- INFORMATION GIVEN -
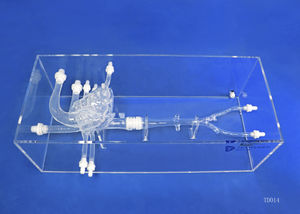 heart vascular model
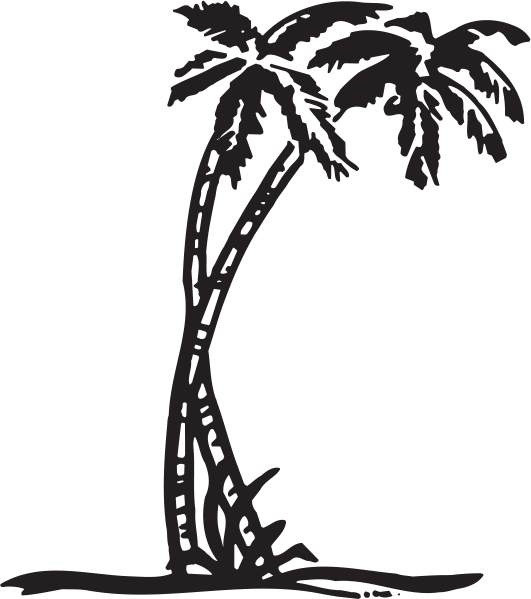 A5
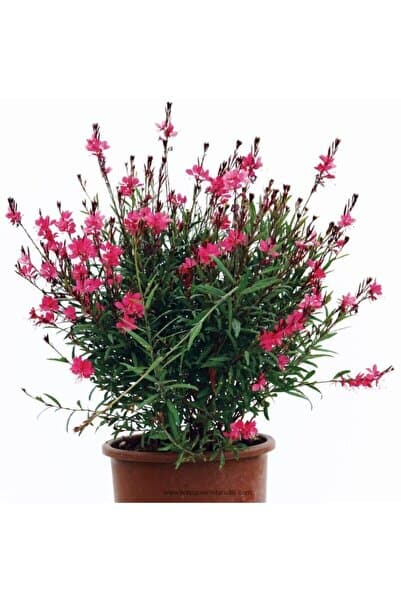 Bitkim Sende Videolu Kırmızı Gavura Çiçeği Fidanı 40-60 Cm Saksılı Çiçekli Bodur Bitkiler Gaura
* * *
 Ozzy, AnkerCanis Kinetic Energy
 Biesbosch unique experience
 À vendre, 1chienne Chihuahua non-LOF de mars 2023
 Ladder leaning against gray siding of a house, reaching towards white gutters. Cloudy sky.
--
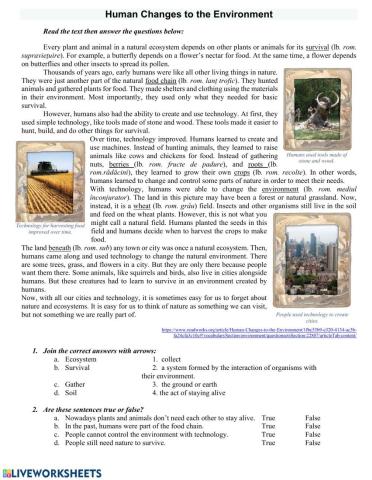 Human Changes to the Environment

- TO DO -
Look above for the line holding "Biesbosch unique experience" and the line holding "Ladder leaning against", then output exactly those two lines and every line between them, nothing more.

- ANSWER -
 Biesbosch unique experience
 À vendre, 1chienne Chihuahua non-LOF de mars 2023
 Ladder leaning against gray siding of a house, reaching towards white gutters. Cloudy sky.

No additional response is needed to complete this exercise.